**Task description:** Each line from the one containing "Elliatt Ruffle Tulip Dress - Mint" through the end of the data below is to be output verbatim, with no lines added or left out.

- - - -

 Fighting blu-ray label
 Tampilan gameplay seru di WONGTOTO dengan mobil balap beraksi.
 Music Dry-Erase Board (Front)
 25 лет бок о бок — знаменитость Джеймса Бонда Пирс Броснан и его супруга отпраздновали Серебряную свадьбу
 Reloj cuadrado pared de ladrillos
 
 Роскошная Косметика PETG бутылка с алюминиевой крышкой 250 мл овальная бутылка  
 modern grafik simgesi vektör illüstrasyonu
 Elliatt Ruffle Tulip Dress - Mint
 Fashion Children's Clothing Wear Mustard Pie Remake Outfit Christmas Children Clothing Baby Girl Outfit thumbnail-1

- - - -

**Problem solution:**
 Elliatt Ruffle Tulip Dress - Mint
 Fashion Children's Clothing Wear Mustard Pie Remake Outfit Christmas Children Clothing Baby Girl Outfit thumbnail-1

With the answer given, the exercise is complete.